Starting at the line containing "ALUMINIUM ROUND 0" and ending at the line containing "Apple iPhone 12 64 GB Red", transcribe the listing below exactly. Keep both end lines, skip the pictures, and copy nothing else.

**Given data**
'''
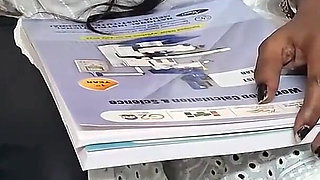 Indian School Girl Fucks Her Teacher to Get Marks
'''
'''
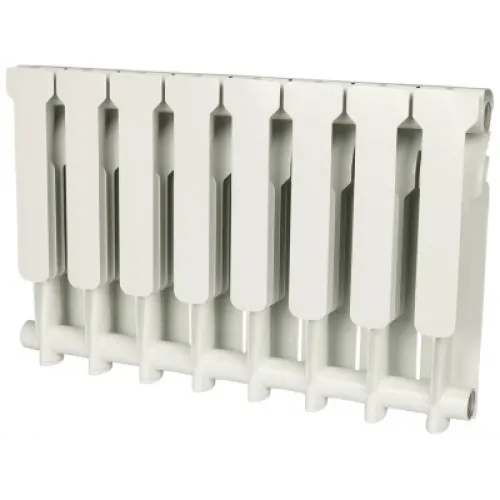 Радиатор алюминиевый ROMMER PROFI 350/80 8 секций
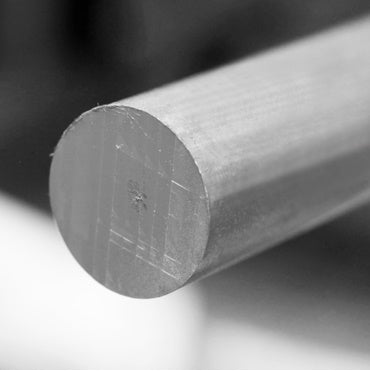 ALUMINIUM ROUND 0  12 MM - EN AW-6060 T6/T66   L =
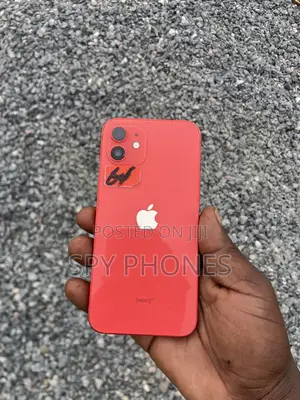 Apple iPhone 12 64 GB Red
'''
'''
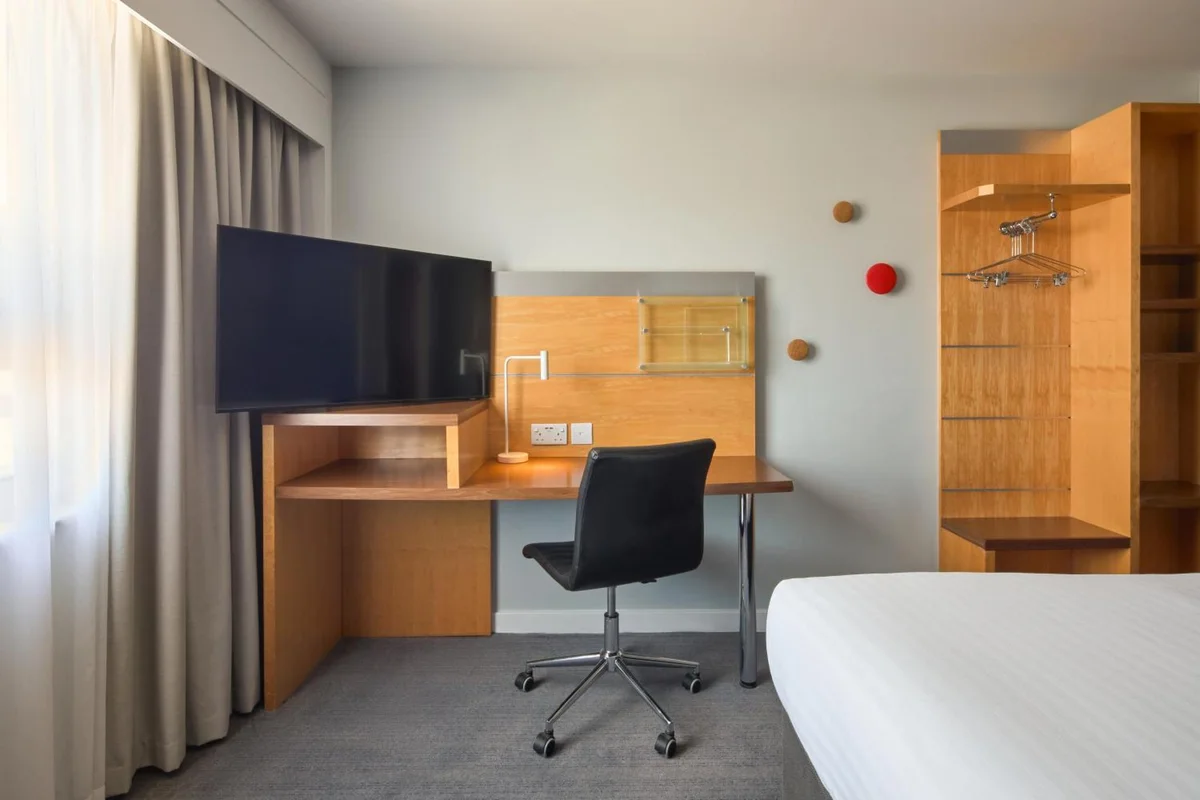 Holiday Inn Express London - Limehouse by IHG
'''
**Answer to this problem**
 ALUMINIUM ROUND 0  12 MM - EN AW-6060 T6/T66   L =
 Apple iPhone 12 64 GB Red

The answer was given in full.